Where the difference in means is 0, the power should be below or at alpha
.
ggplot() +
geom_point(aes(x=diff_means, y=mean_powers)) +
geom_errorbar(aes(x=diff_means, y=mean_powers, ymin = mean_powers - errors, ymax = mean_powers + errors), width = 0.2, position = position_dodge(0.05)) +
geom_line(aes(x=diff_means, y=mean_powers))
print(min(mean_powers))
## [1] 0.0516
Estimate standard error of robust psi regression estimators.
In lecture 8 we developed a “robust” regression based on fitting the psi
function. In the lecture, we fitted the parameters using our gradient descent method. In the interest of time, fit the parameters here using optim
.
library(numDeriv)
x <- seq(-5,5,0.01)
psi <- function(x, c) {
return (
ifelse(
abs(x) > c,
2 * c * abs(x) - c^2,
x^2
)
)
}
fit1 <- optimize(psi, c(-5,5), c = 1.2)
fit1
## $minimum
## [1] 4.440892e-16
##
## $objective
## [1] 1.972152e-31
#fit2 <- optim(par = 1, fn = psi, x=x, method="Brent", lower = 0, upper = 1)
#fit2
The optimization procedure provides us with point estimates, but we have no measure of uncertainty for them: neither a standard deviation nor confidence intervals to determine whether or not they are different from 0 with any statistical certainty. The bootstrap method allows us to do so.

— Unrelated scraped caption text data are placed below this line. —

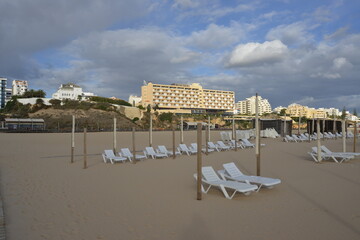 lounge chairs on the beach in the algarve, portugal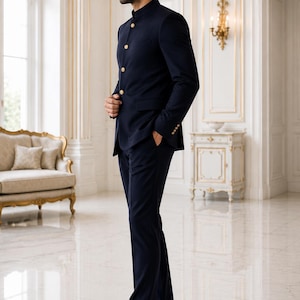 May include: A dark navy blue suit featuring a mandarin collar jacket with four gold-toned buttons down the front and matching trousers. The jacket includes long sleeves with gold-toned buttons at the cuffs and two side pockets, paired with black shoes.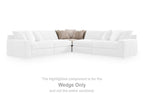 Upholstered sectional wedge sofa, light neutral upholstery, highlighted wedge section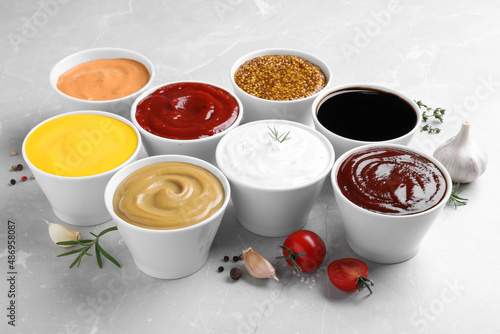 Many bowls with different sauces on light grey table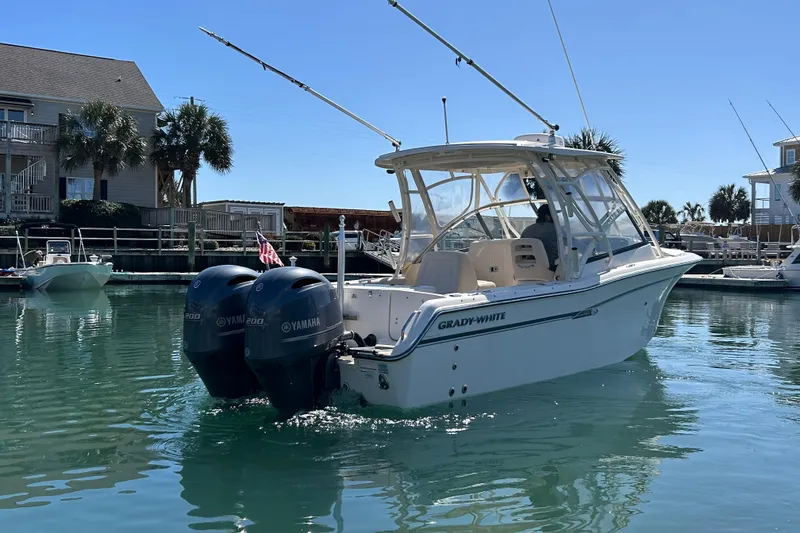 Slide: The Image of 2015 Grady-White Freedom 275 boat with twin Yamaha engines in a marina setting. - 4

Use the same data and regression model as before, data being MASS::cats
and mdoel being Hwt
(heart weight) as response and Bwt
(body weight) as the single predictor.
Estimate the coefficients of a simple linear regression where the fitting is based on minimizing the mean of the psi-error.
cats <- MASS::cats
c <- 1
mean_psi_regression <- function(data, par) {
X <- data$Bwt
Y <- data$Hwt
return( mean ( psi(Y-(par[1]+par[2]*X), c) ) )
}
# Compute initial guesses
b0_i <- coef(lm(Hwt ~ Bwt, data = MASS::cats))["(Intercept)"]
b1_i <- coef(lm(Hwt ~ Bwt, data = MASS::cats))["Bwt"]

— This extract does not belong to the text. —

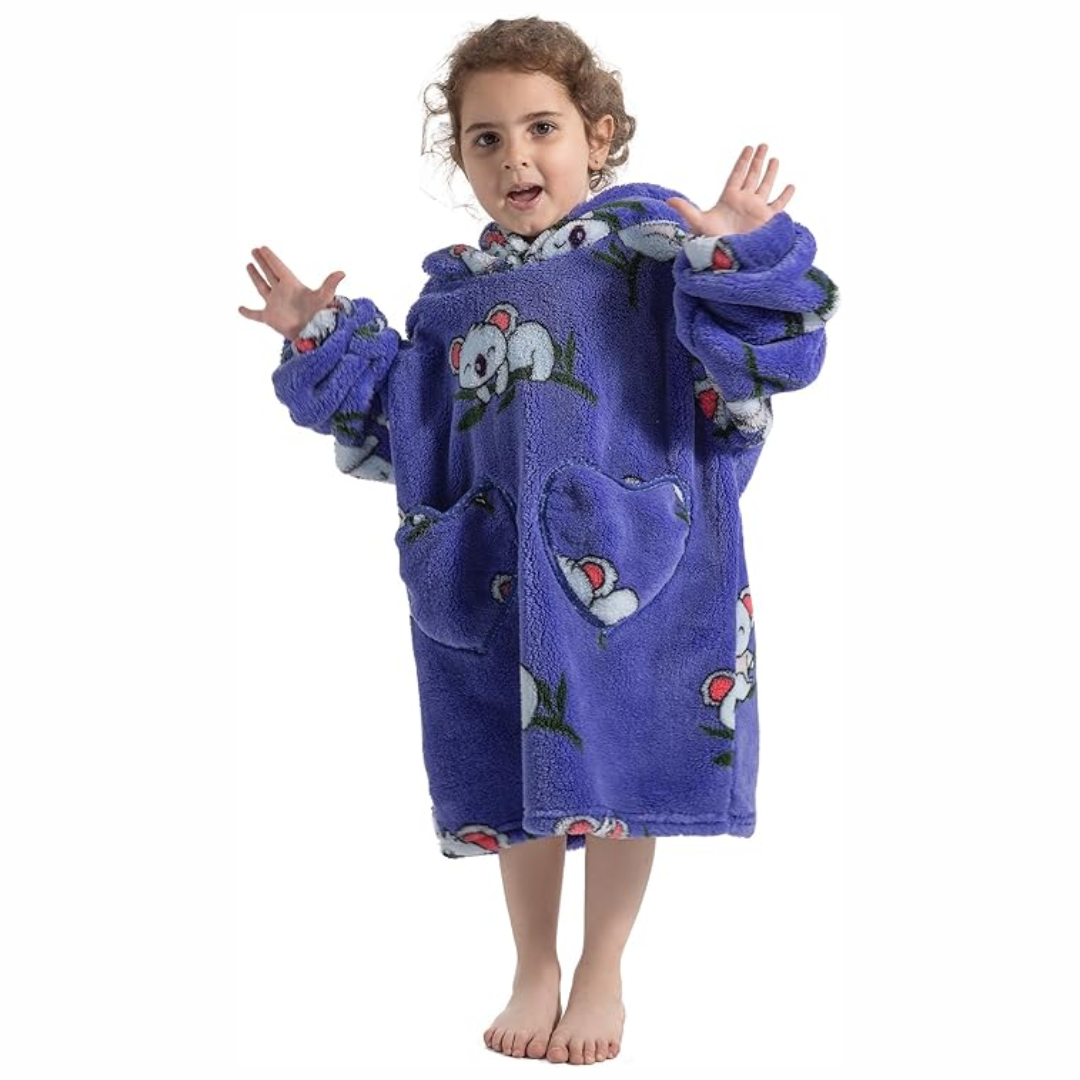 Child wearing a purple koala-print hooded blanket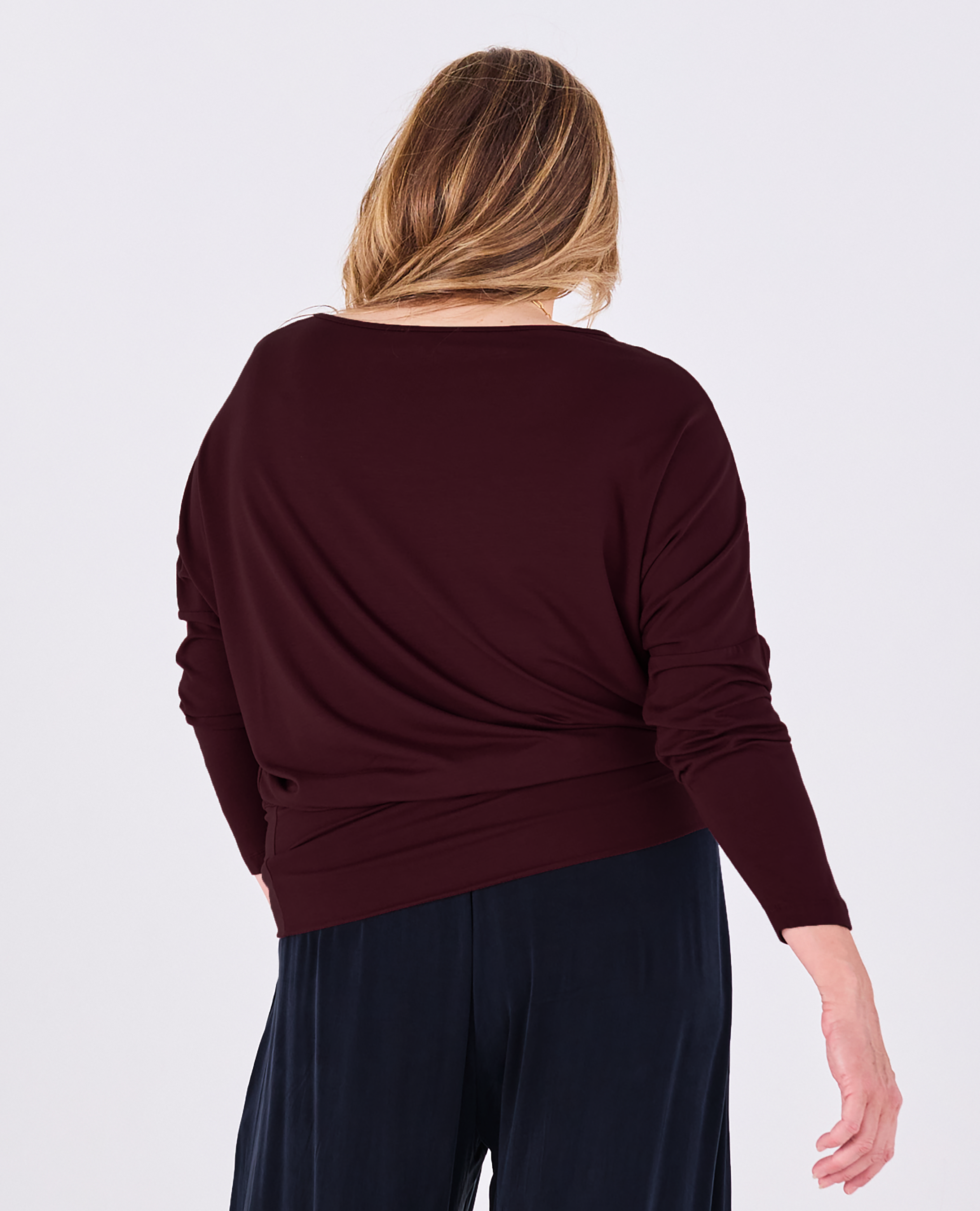 A woman viewed from the back wearing a dark burgundy long-sleeve Melyr Aimee batwing top and dark navy pants against a light grey studio background.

result <- optim(par = c(b0_i, b1_i), fn = mean_psi_regression, data = cats)
b0 <- result$par["(Intercept)"]
b1 <- result$par["Bwt"]
cat(paste("b0 = ", b0, ", b1 = ", b1, ", c = ", c, sep=""))
## b0 = -0.142182314168739, b1 = 3.91029029507439, c = 1
Construct a bootstrap sample for the estimated coefficients of a simple linear regression where the fitting is based on minimizing the mean of the psi-error.
n <- nrow(cats)
M <- 10000 # number of draws
# sample for estimated regression coefficients
est_coeffs_bstp_sample <- data.frame(b0 = numeric(M), b1 = numeric(M))
for (m in 1:M){
# sample indices with replacement
bootstrap_sample_idx <- sample(n, replace = TRUE)
# bootstrap sample
bstp <- cats[bootstrap_sample_idx, ]
coeffs <- optim(par = c(b0_i, b1_i), fn = mean_psi_regression, data = bstp)

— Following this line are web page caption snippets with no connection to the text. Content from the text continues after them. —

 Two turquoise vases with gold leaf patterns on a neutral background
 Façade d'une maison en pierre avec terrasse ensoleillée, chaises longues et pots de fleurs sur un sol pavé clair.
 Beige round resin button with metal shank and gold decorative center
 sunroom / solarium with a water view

est_coeffs_bstp_sample[m,1] <- coeffs$par["(Intercept)"]
est_coeffs_bstp_sample[m,2] <- coeffs$par["Bwt"]
}
head(est_coeffs_bstp_sample, 6)
## b0 b1
## 1 0.9535093 3.541712
## 2 -0.3523900 4.008991
## 3 -0.1231361 3.987214
## 4 -1.3032893 4.302527
## 5 -0.3777716 3.943214
## 6 -0.6306157 4.057321
Estimate the standard deviations of each of the coefficients
sd_b0 <- sd(est_coeffs_bstp_sample$b0)
sd_b1 <- sd(est_coeffs_bstp_sample$b1)
cat(paste("sd_b0 = ", sd_b0, ", sd_b1 = ", sd_b1, sep = ""))
## sd_b0 = 0.826385041305366, sd_b1 = 0.314806899831392
Construct 95% confidence intervals for the coefficients and, based on those, determine whether or not we can reject a null hypothesis that each of them is equal to zero.
alpha <- 0.05
# CI for b0
(bootstrap_CI <- quantile(est_coeffs_bstp_sample$b0, c(alpha/2, 1 - alpha/2)))
## 2.5% 97.5%
## -1.800947 1.482706
# CI for b1
(bootstrap_CI <- quantile(est_coeffs_bstp_sample$b1, c(alpha/2, 1 - alpha/2)))
## 2.5% 97.5%
## 3.306057 4.559379
Because zero is in the confidence interval for b0, we fail to reject the null that b0 = 0 at 95% confidence.
Because zero is not in the confidence interval for b1, we reject the null that b1 = 0 at 95% confidence.